The defendant pleaded guilty in October 2019 to the offense of aiding and assisting in the preparation of false returns, and agreed with an estimate of the tax losses he caused exceeding $2 million. From at least 2012 to 2015, Coumbassa prepared and filed fraudulent Income Tax Returns, and related forms and schedules, on behalf of his clients. Coumbassa primarily falsified these returns by attaching false 'Schedule C' forms to the clients' returns.
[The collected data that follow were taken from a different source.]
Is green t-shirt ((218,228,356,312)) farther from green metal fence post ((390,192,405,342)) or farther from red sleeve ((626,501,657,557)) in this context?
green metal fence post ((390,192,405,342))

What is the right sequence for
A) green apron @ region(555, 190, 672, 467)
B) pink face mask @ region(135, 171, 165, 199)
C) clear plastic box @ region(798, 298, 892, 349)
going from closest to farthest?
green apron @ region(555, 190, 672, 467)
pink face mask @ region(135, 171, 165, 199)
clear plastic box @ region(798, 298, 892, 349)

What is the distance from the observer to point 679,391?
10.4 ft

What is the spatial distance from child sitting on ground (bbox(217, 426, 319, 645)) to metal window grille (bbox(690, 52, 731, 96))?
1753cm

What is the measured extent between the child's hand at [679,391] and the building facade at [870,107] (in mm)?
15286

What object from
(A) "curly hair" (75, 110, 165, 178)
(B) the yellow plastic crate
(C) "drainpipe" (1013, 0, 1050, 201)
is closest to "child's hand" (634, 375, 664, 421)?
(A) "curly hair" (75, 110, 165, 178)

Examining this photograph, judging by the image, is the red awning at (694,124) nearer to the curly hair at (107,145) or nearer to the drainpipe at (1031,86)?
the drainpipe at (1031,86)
These 'Schedule C' forms falsely claimed that the client had a business that lost money, and the inclusion of these false Schedules offset the clients' taxable income -- thereby either inflating the refunds his clients would otherwise be owed, or causing entitlement to refunds where taxes should have been owed.

"Tax refunds should only be issued to taxpayers who are entitled to them," said IRS Criminal Investigation Special Agent in Charge Guy Ficco. "Falsifying a tax return to obtain or bolster a tax refund is a crime; one that the courts take very seriously, as evidenced by the sentence Mr. Coumbassa received."

"Tax preparers are supposed to be part of the gatekeeping system that ensures that our tax laws are followed. Here, the defendant did just the opposite and planned a massive fraud," said U.S. Attorney McSwain. "When our tax laws are ignored, especially to this extent, we all lose. The defendant not only broke the law, but he also victimized individuals who simply wanted to do the right thing and pay their taxes – and they are now working to get their fiscal lives back in order. This sentence should send a message to tax cheats: don't do it, or else my Office will investigate your crimes and you may soon be headed to jail."

The case was investigated by the Internal Revenue Service, and is being prosecuted by Assistant United States Attorney Bea L. Witzleben and Department of Justice Tax Division Trial Attorney Sarah Ranney.